SAE, World Congress, Detroit, Michigan. 2006. 15 p.
Abstract
A level set method (G-equation)-based combustion model incorporating detailed chemical kinetics has been developed and implemented in KIVA-3V for Spark-Ignition (SI) engine simulations for better predictions of fuel oxidation and pollutant formation. Detailed fuel oxidation mechanisms coupled with a reduced NOX mechanism are used to describe the chemical processes. The flame front in the spark kernel stage is tracked using the Discrete Particle Ignition Kernel (DPIK) model. In the G-equation model, it is assumed that after the flame front has passed, the mixture within the mean flame brush tends to local equilibrium. The subgrid-scale burnt/unburnt volumes of the flame containing cells are tracked for the primary heat release calculation. A progress variable concept is introduced into the turbulent flame speed correlation to account for the laminar to turbulent evolution of the spar k kernel flame.

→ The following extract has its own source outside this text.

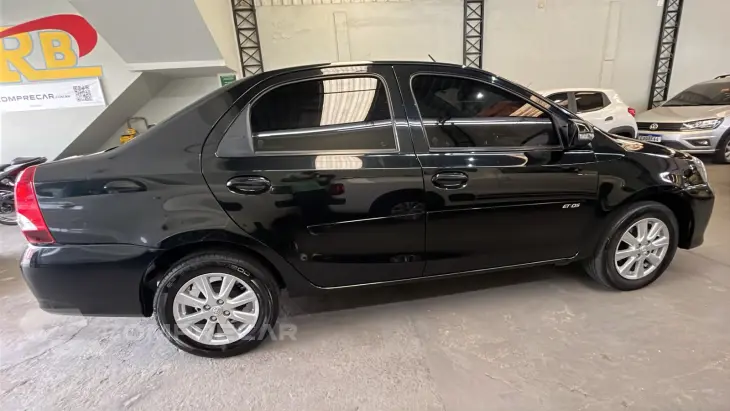 ETIOS 1.5 X Plus Sedan 16V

To test the model, a homogeneous charge propane SI engine was modeled using a 100-species, 539-reaction propane mechanism, coupled with a reduced 9-reaction NOx mechanism for the chemistry calculations. Good agreement with experimental cylinder pressures and NOx data was obtained as a function of spark timing, engine speed and EGR levels. The model was also applied to a stratified charge two-stroke gasoline engine simulations, and good agreement with measured data was obtained.